Per questa fattispecie la giurisprudenza della Corte di Cassazione ha precisato che essa “trova applicazione ai soli
casi di ispezione, con ciò intendendo l’attività di esame e controllo svolta dai verificatori in sede di accesso presso il contribuente o in luoghi a questi collegati, e non nei
casi in cui i documenti sono richiesti con l’invio di apposita comunicazione o questionario ma senza introduzione e stazionamento per quanto necessario di personale dell’Amministrazione presso il soggetto sottoposto a controllo”, e che essa, principalmente, “prevede chiaramente come elemento essenziale della condotta che origina la preclusione quello della intenzionalità di non consentire l’esame della documentazione” (sez. V, 14.6.2021, n. 16757).

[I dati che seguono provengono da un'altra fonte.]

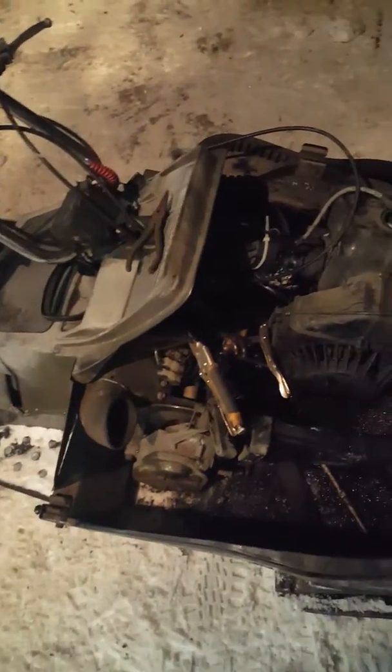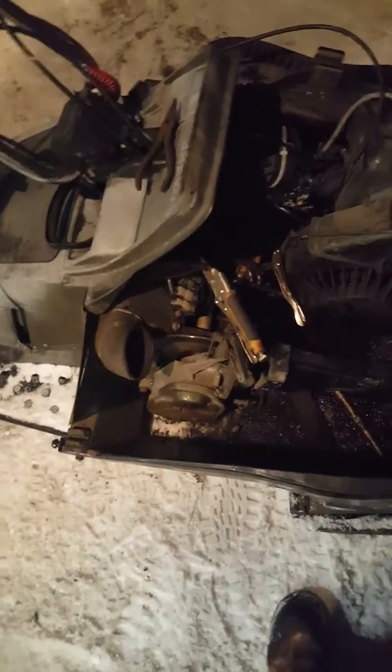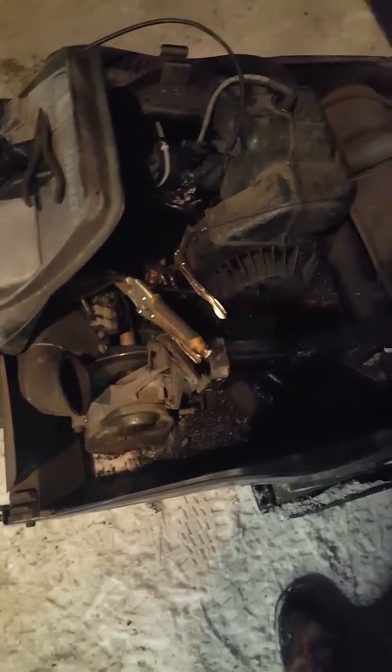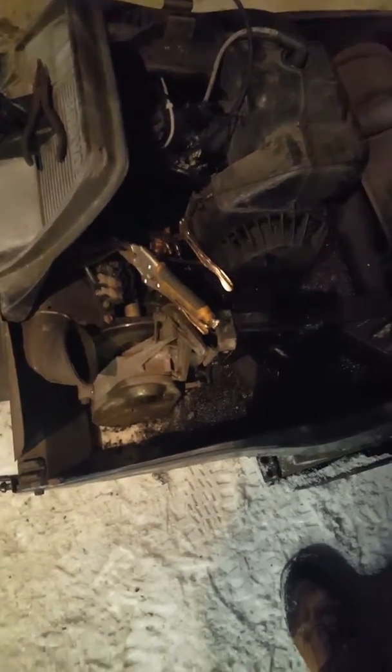So I pulled the tank — this thing hadn't run in a couple years, or a couple months. We got it running and rode around, but it doesn't want to run right, doesn't want to stay running. I put 91 in it, good gas, cleaned the carb, did all the works to it.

Ebbene, è necessario che in entrambe le ipotesi l’Amministrazione indichi esattamente quanto richiede e che avverta espressamente delle conseguenze in caso di inottemperanza. Tuttavia le due ipotesi – come ha bene evidenziato la sentenza segnalata – divergono per le relative preclusioni:
- nel primo caso, il mancato invio della documentazione puntualmente richiesta nel termine indicato equivale a rifiuto, con conseguente inutilizzabilità della stessa in sede amministrativa e contenziosa, salvo che il contribuente non dichiari, all’atto della sua produzione con il ricorso, che l’inadempimento è avvenuto per causa a lui non imputabile, della cui prova il contribuente è onerato;
- nel secondo caso, invece, la mancata esibizione di quanto richiesto ne preclude la valutazione a favore del contribuente solo ove si traduca in un sostanziale rifiuto di rendere disponibile quella documentazione, incombendo la prova dei relativi presupposti di fatto sull’Amministrazione. Su questo punto era già stato precisato che “la dichiarazione del contribuente di non possedere libri, registri, scritture e documenti, specificamente richiestigli dall’Amministrazione finanziaria nel corso di un accesso, preclude la valutazione degli stessi in suo favore in sede amministrativa o contenziosa e rende legittimo l’accertamento induttivo solo ove sia non veritiera, cosciente, volontaria e dolosa, così integrando un sostanziale rifiuto di esibizione diretto a impedire l’ispezione documentale”, e ciò perché le citate disposizioni hanno carattere eccezionale e devono essere interpretate alla luce degli artt. 24 e 53 della Costituzione in modo da non comprimere il diritto alla difesa, sicché, per esempio, “non può reputarsi sufficiente, ai fini della suddetta preclusione, il mancato possesso imputabile a negligenza o imperizia nella custodia e conservazione della documentazione contabile” (sez. V, 1.8.2019, n. 20731).
Ne è disceso che in un caso di verifica presso la sede del contribuente ove erano stati prodotti solo alcuni documenti contabili mente altri erano stati consegnati in seguito, aveva sbagliato la Commissione Tributaria Regionale, applicando l’art. 32 del d.P.R. n. 600 del 1973 anziché l’art. 33 dello stesso testo normativo, a ritenere operante il principio di inutilizzabilità degli altri documenti, perché in tal modo era stato erroneamente “valorizzato il dato oggettivo della mancata produzione trascurando di vagliare l’aspetto intenzionale …senza indagare il profilo soggettivo, volontaristico e doloso del contribuente alla base della mancata produzione documentale”.